WHAT IS EXPECTED | Copy the lines below exactly, starting at the one with "African american woman" and ending at the one with "6 Beverly Road", and leave out any picture.

RECORDS PROVIDED |

BEGIN

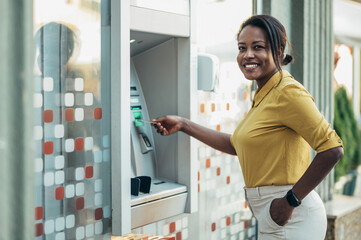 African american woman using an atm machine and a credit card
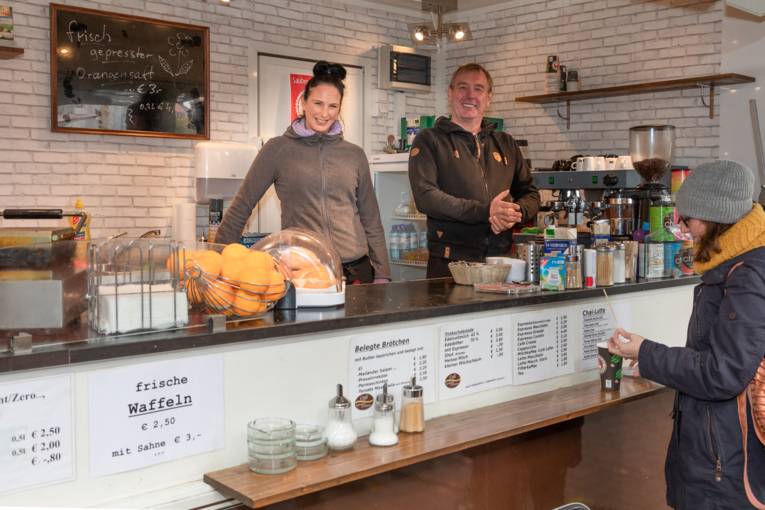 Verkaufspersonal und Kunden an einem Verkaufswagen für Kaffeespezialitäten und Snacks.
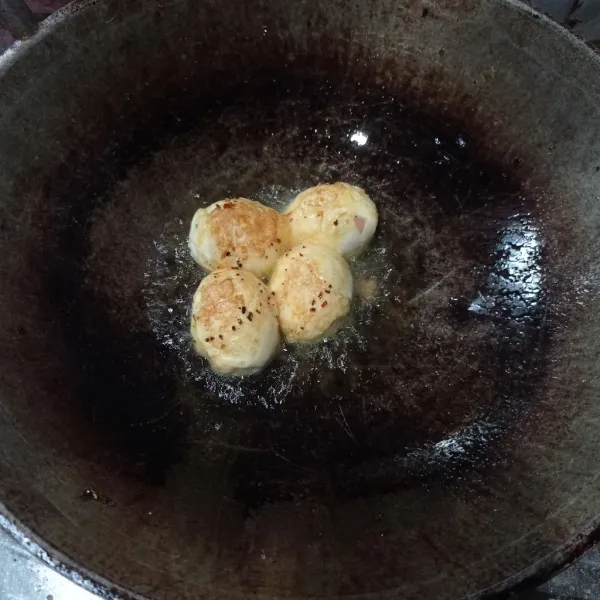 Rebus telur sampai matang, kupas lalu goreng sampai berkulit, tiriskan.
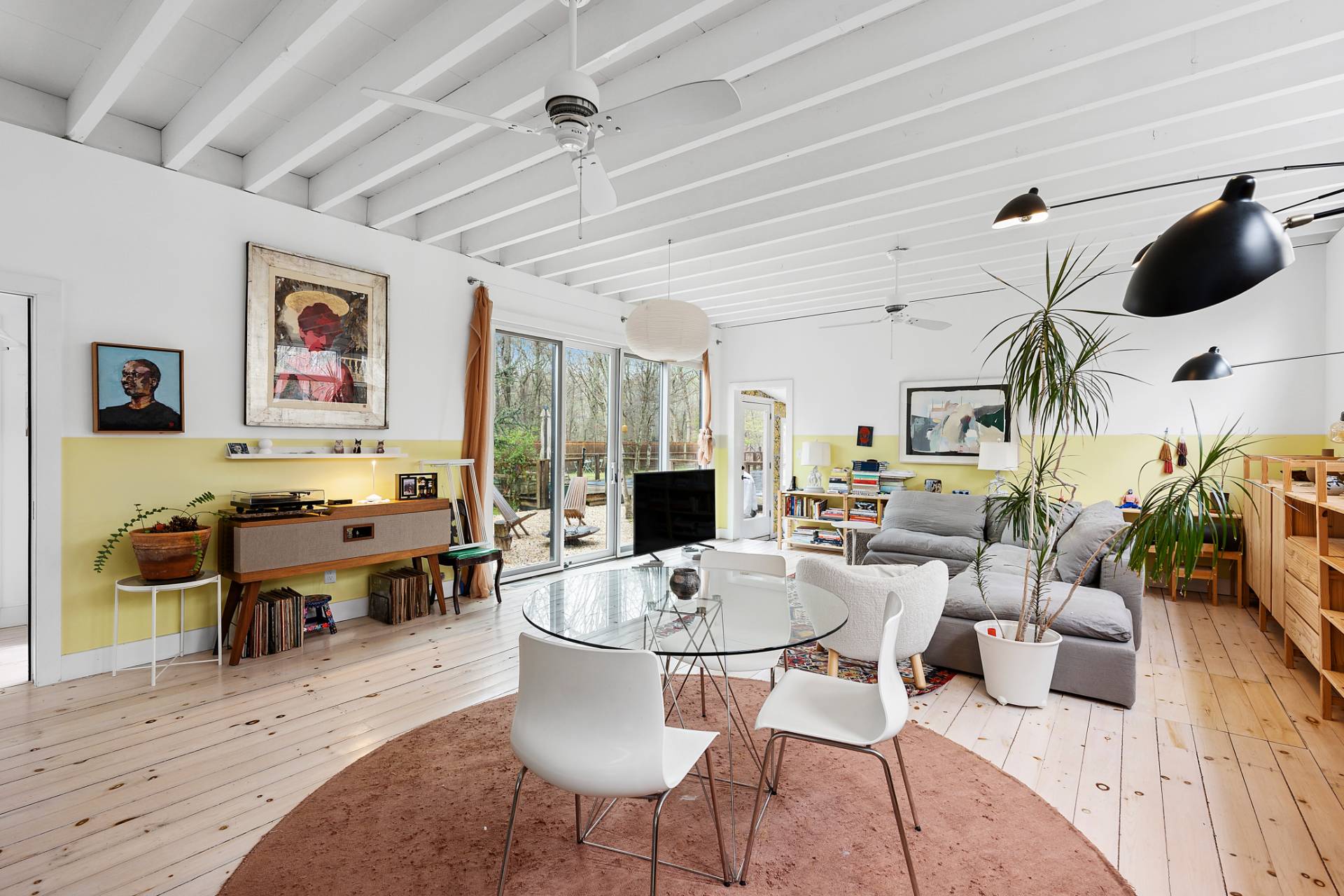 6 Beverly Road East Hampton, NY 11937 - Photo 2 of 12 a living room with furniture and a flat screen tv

END
BEGIN

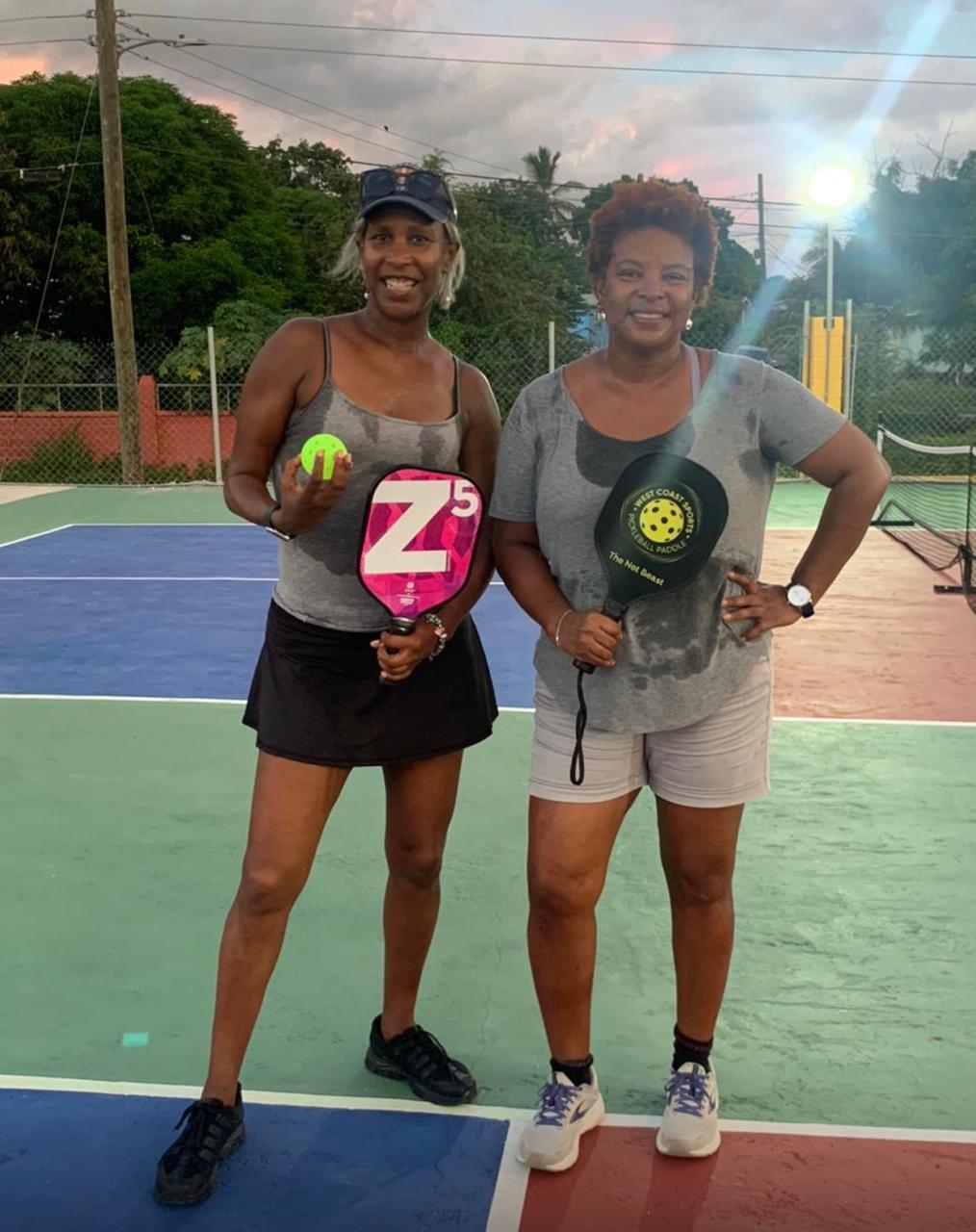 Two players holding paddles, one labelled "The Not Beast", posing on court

END

RESULT OF THE TASK |
 African american woman using an atm machine and a credit card
 Verkaufspersonal und Kunden an einem Verkaufswagen für Kaffeespezialitäten und Snacks.
 Rebus telur sampai matang, kupas lalu goreng sampai berkulit, tiriskan.
 6 Beverly Road East Hampton, NY 11937 - Photo 2 of 12 a living room with furniture and a flat screen tv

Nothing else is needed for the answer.